Chatty kernel logs
Most people don’t care about the kernel until it breaks or they think it is
broken. When this happens, usually the first place people look is the kernel
logs by using dmesg
or journalctl -k
. This dumps the output of the in-
kernel ringbuffer. The messages from the kernel ring buffer mostly come from
the kernel itself calling printk
. The ring buffer can’t hold an infinite
amount of data, and even if it could more information isn’t necessarily better.
In general, the kernel community tries to limit kernel prints to error messages
or limited probe information. Under normal operation the kernel should be
neither seen nor heard. The kernel doesn’t always match those guidelines though
and not every kernel message is an urgent problem to be fixed.

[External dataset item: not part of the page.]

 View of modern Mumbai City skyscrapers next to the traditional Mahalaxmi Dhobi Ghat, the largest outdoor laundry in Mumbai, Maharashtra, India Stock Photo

The kernel starts dumping information almost immediately after the bootloader passes it control. Very early information is designed to give an idea what kind of kernel is running and what kind of system it is running on. This may include dumping out CPU features and what areas of RAM were found by the kernel. As the kernel continues booting and initializing, the printed messages get more selective. Drivers may print out only hardware information or nothing at all. The latter is preferred in most cases.

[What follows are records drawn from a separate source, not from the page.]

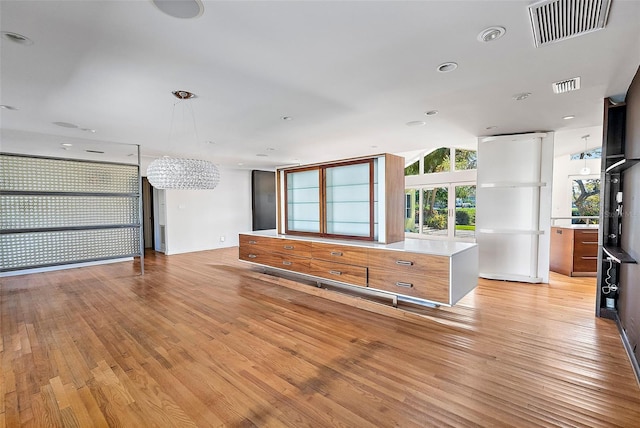 kitchen featuring light hardwood / wood-style flooring, a center island, and a notable chandelier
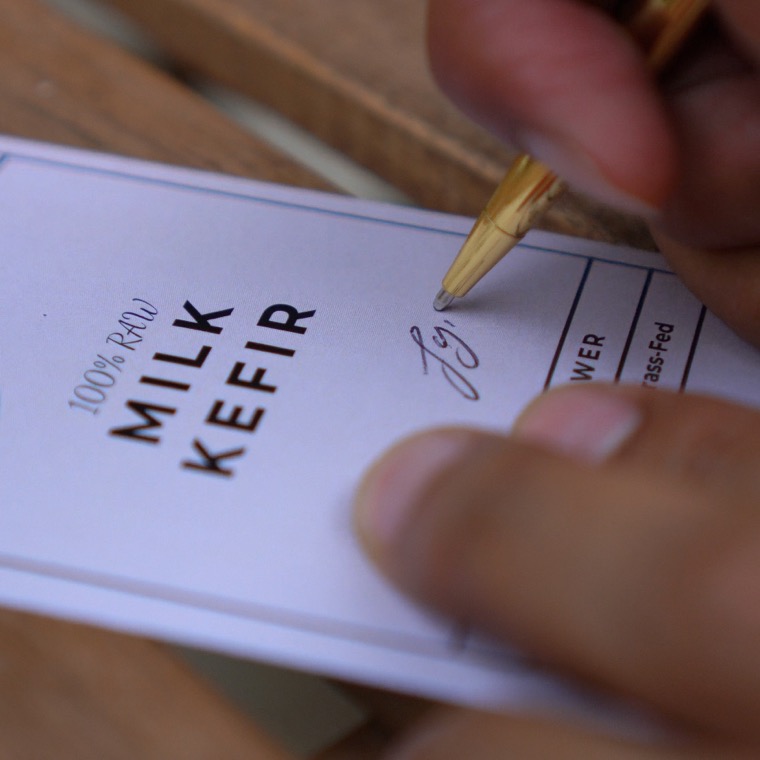 Imran signing a Milk Kefir label by hand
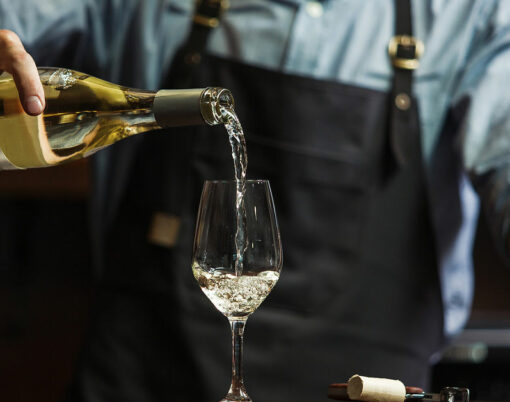 Male sommelier pouring white wine into long-stemmed wineglasses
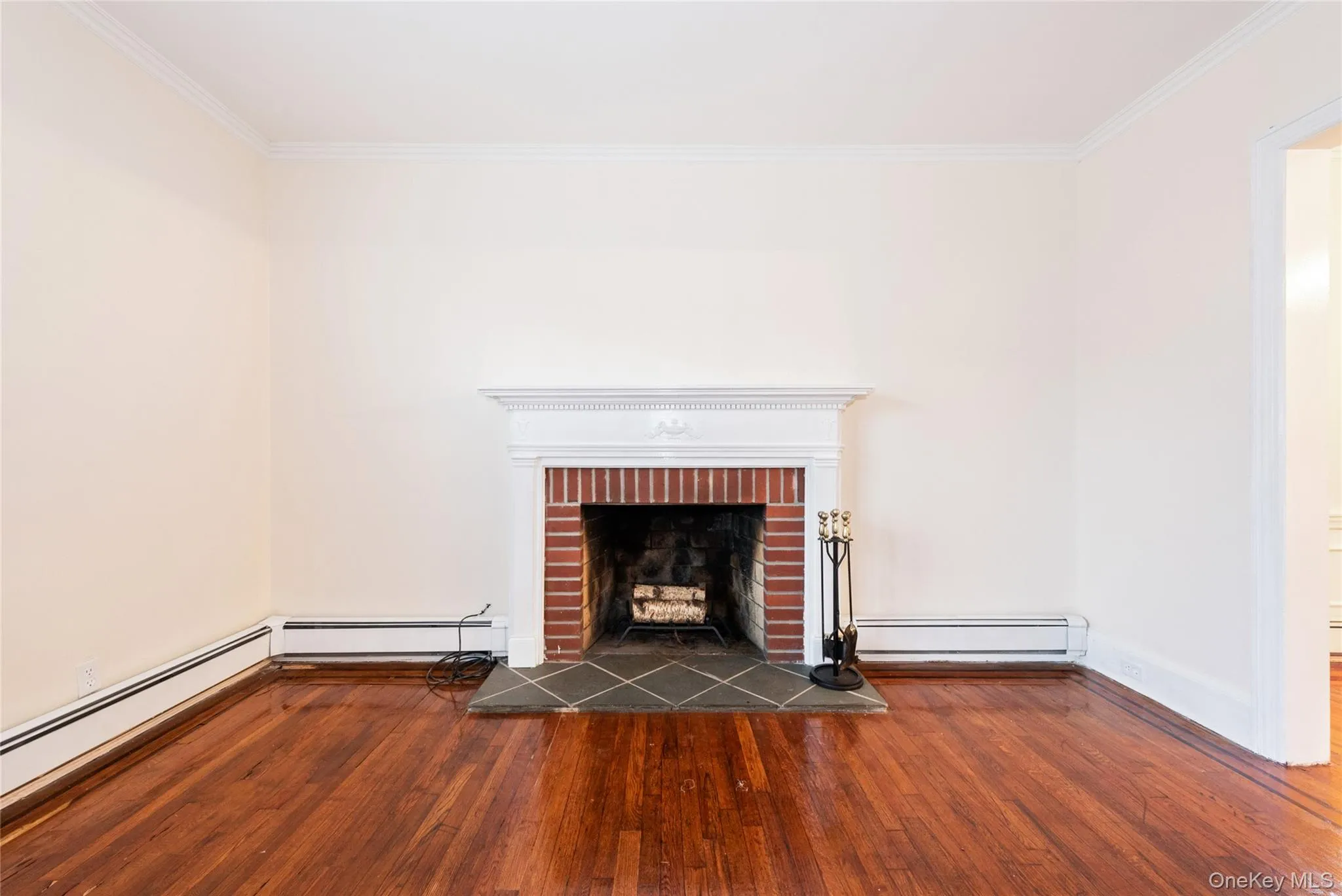 Detailed view of a tile fireplace, ornamental molding, baseboard heating, and hardwood finished floors. Detailed view of a tile fireplace, ornamental molding, baseboard heating, and hardwood finished floors.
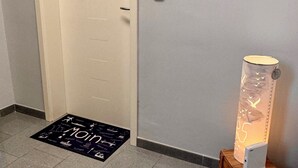 A hotel room with a white door, a doormat with the word "Main" on it, a wall-mounted light fixture, and a painting of a beach scene. - Maritime vacation apartment in Wilhelmshaven on the North Sea (Wilhelmshaven)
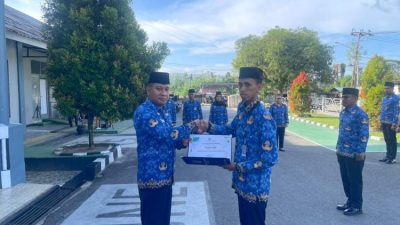 Plt Kepala Rutan Ambon Jefry Persulessy menyerahkan penghargaan pegawai teladan kepada Faisal Ridi di Rutan Kelas IIA Ambon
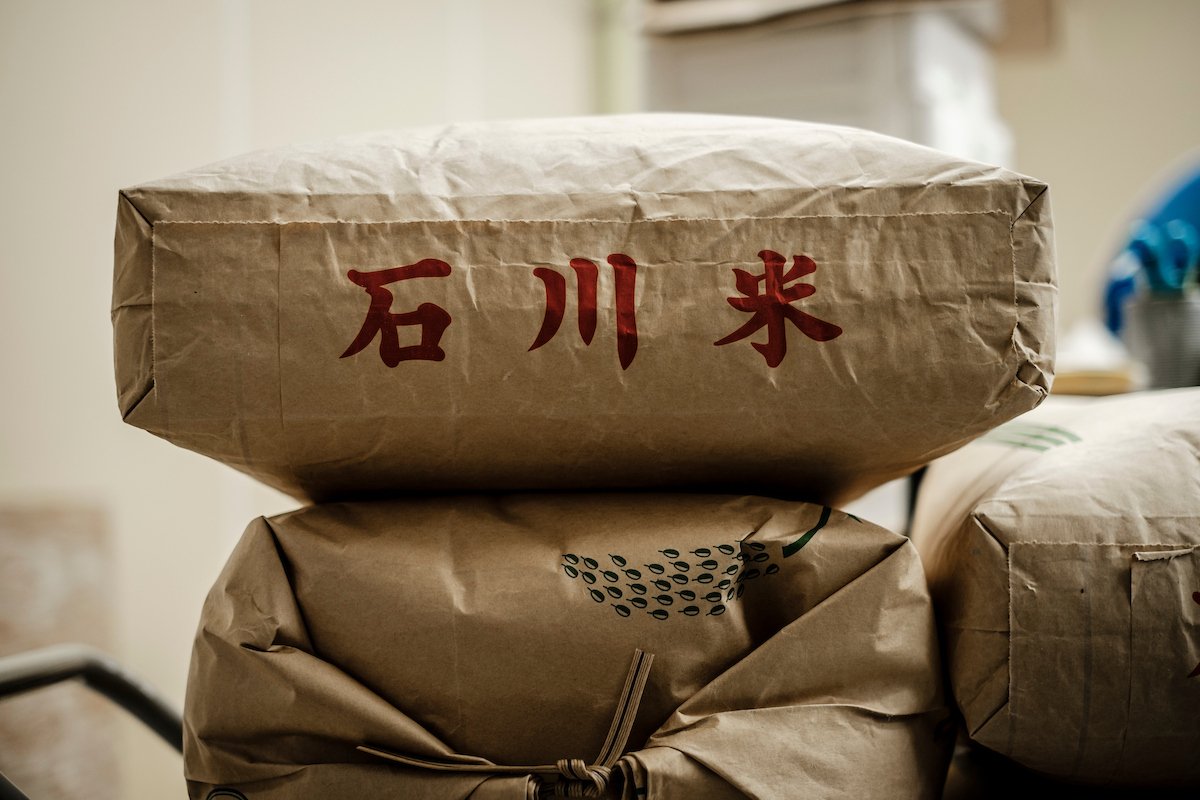  Bags of white rice, stamped with Japanese characters reading "Ishikawa Rice", at the Takemoto rice farm in Nomi, Ishikawa, Japan.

I’ve had many arguments on both sides about whether a driver should be printing
something. There’s usually a lot of “but my driver reaaaallly needs this”. The
preferred solution to this problem is usually to adjust the log level the
messages are printed at. The kernel provides several
log levels to filter out appropriate messages. Most drivers will make use
of KERN_ERR
KERN_WARN
and KERN_INFO
. These have the meaning you would
expect: true errors, just gentle warning and some useful information.
KERN_DEBUG
should be used to provide more verbose debugging/tracing on an as
needed basis. The kernel option CONFIG_DYNAMIC_DEBUG
can be used to
enable and disable
individual pr_debug
messages at runtime. This option is enabled on Fedora
kernels.
Even with the different levels of kernel messages available, it may not always
be clear how important a message actually is. It’s very common to get Fedora
kernel bug reports of “dmesg had message X”. If there is nothing else going
wrong on the system, the bug may either get closed as NOTABUG
or placed at
low priority. A common ongoing complaint is with firmware. Drivers may look for
multiple firmware versions, starting with the newest. If a particular firmware
isn’t available, the firmware layer itself will spit out an error even if a
matching version may eventually be found. Sometimes the kernel driver may not
match the hardware exactly and the driver will choose to be ‘helpful’ and
indicate there may be problems. While it is true that hardware which is not
100% compliant may cause issues, messages like this are unhelpful without a
message that this isn’t likely to be fixed in the kernel. Even with statements
like “the kernel is fine”, it can be confusing and difficult to explain this
to users.
The kernel logs are a vital piece of information for reporting problems. Not all messages in the logs are an indication of a problem that needs a kernel fix. It’s still important to report bugs so we know what bothers people. It may be possible to report issues to upstream driver owners to report better error messages and make the kernel logs more useful for everyone.